FOREX-Kiwi, Aussie tumble, yen rises on RBNZ rate cut shock

Published 07/08/2019, 06:48
Updated 07/08/2019, 06:50
© Reuters.  FOREX-Kiwi, Aussie tumble, yen rises on RBNZ rate cut shock

* Graphic: World FX rates in 2019 http://tmsnrt.rs/2egbfVh
* Tussle over China currency policy rattles markets
* Markets calm but sentiment remains fragile
* Kiwi falls after RBNZ cuts rates more than expected

(Recasts story)
By Stanley White
TOKYO, Aug 7 (Reuters) - The Aussie and kiwi dollars skidded
to multi-year lows on Wednesday after New Zealand's central bank
shocked markets by flagging the chance of negative interest
rates, sending safe-haven assets soaring.
Reserve Bank of New Zealand (RBNZ) Governor Adrian Orr made
the comments after the central bank stunned traders by cutting
interest rates a larger-than-expected 50 basis points to a
record low of 1.00% due to worries about the global economy.
The yen, which was already firmer versus the dollar, raced
higher against most currencies as the RBNZ's surprisingly dovish
stance inspired risk-off trades.
China's offshore yuan was off its record low, but still
remained weaker versus the U.S. dollar in a sign that more
sparks could fly between the United States and China.
The U.S.-China trade war has entered new territory after
Washington labelled Beijing a currency manipulator, and there
are growing concerns the trade standoff will place additional
strain on the global economy.
"We were already on edge about all the U.S. tariffs against
China, but now people are starting to question whether we're
headed toward some global recession," said Kiyoshi Ishigane,
chief fund manager at Mitsubishi UFJ Kokusai Asset Management Co
in Tokyo.
"When currencies like the Aussie or kiwi fall this hard, it
shows there is real risk aversion, which makes it easier for the
yen to rise."
The New Zealand dollar NZD=D4 fell 2% to $0.6378, a level
not seen since early 2016 and the largest one-day percentage
drop since late March.
The Australian dollar AUD=D3 skidded 1.1% to $0.6677, a
level not seen since early 2009.
Against the yen, the kiwi dropped 2.3% NZDJPY= , at one
point falling to the lowest since late 2012, while the Aussie
AUDJPY= hit 70.74 yen, the lowest since April 2009.
The dollar fell 0.3% to 106.13 yen JPY=EBS in Asian
trading, but could face further losses after 10-year U.S.
Treasury yields fell to a three-year low of 1.6580%, some
analysts said.
Concerns are growing because the world's two-largest
economies are locked in a bitter trade dispute that rapidly
escalated late last week when U.S. President Donald Trump said
he would impose more tariffs on Chinese goods.
China responded on Monday by allowing its currency to weaken
past the psychologically important line of 7 per dollar, which
immediately prompted Washington to label Beijing a currency
manipulator.
Market sentiment has deteriorated rapidly as a result, which
would support the safe-haven yen and hasten yuan declines as
there appears to be no quick resolution to the U.S.-Sino
conflict.
"Escalation of U.S.-China trade frictions has deteriorated
market sentiment, which will eventually make Treasury yields go
lower and the yen go higher," said Tohru Sasaki, head of Japan
markets research at JP Morgan Securities in Tokyo.
"We still expect the dollar to rise to 7.35 yuan by the end
of the year, which will make the U.S. administration very
uncomfortable.
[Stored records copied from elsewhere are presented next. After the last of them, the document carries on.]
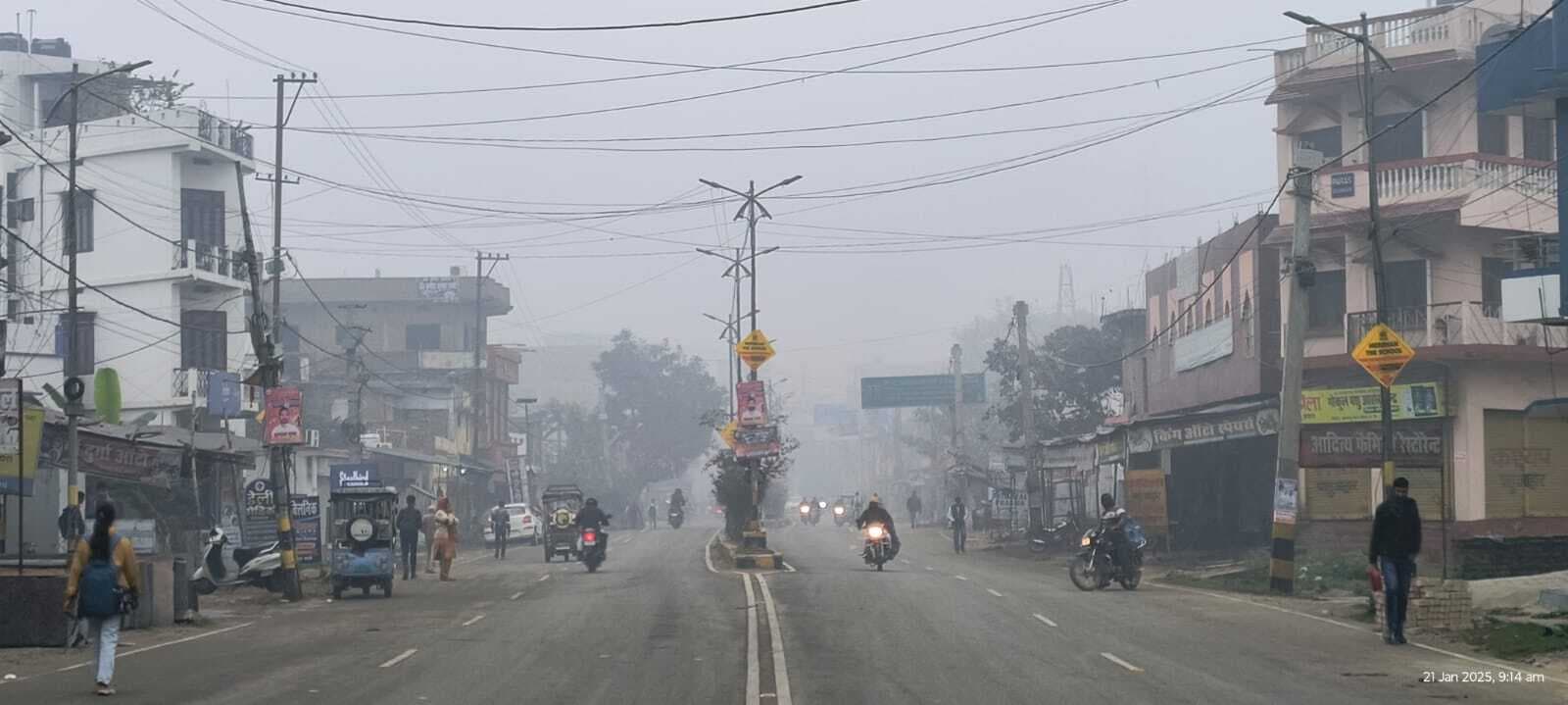 कोल्ड वेव के बीच कांपते हुए स्कूल पहुंचे छात्र, घरों में दुबके लोग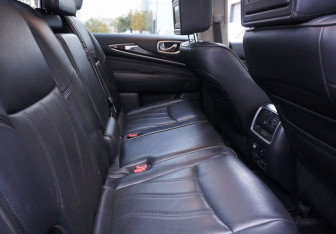 Подержанный автомобиль Infiniti JX 2013 года (11 фото)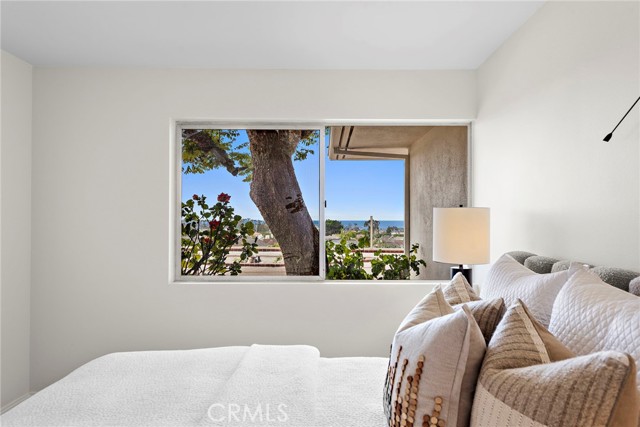 Detail Gallery Image 39 of 61 For 2519 Harbor View Dr, Corona Del Mar,  CA 92625 - 4 Beds | 2/1 Baths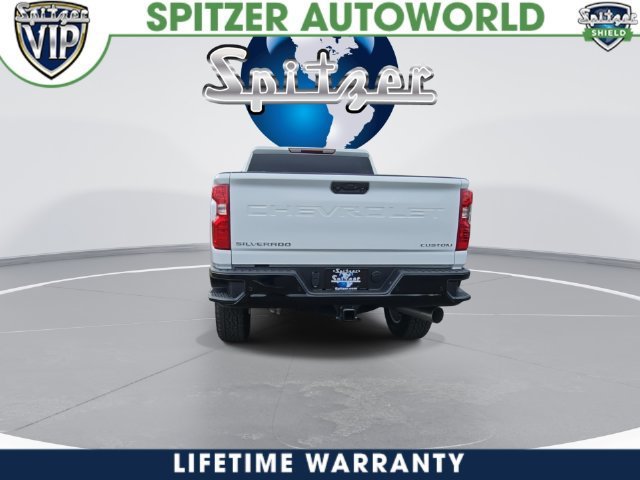 New 2026 Summit White Chevrolet Custom image 11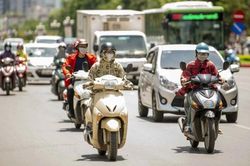 Đợt nắng nóng lần này có gì bất thường khiến miền Bắc oi bức suốt ngày đêm?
I expect the dollar to fall to 104-103 yen by the
end of the year."
The offshore yuan CNH=D3 fell to 7.0815 per dollar, not
far from 7.1397, the lowest since international trading in the
currency began in 2010.
The onshore yuan CNY=CFXS opened trade at 7.0369 per
dollar versus its last close at 7.0250.
China's state banks have been active in the onshore yuan
forwards market this week, using swaps to decrease the supply of
dollars, four sources with knowledge of the matter told Reuters.
The moves by state banks help reduce the supply of dollars
that the market can access to short-sell the yuan.
Trump dismissed fears of a protracted trade war with China
on Tuesday, but Beijing has sent strong warnings that labelling
it a currency manipulator would have severe consequences for the
global financial order.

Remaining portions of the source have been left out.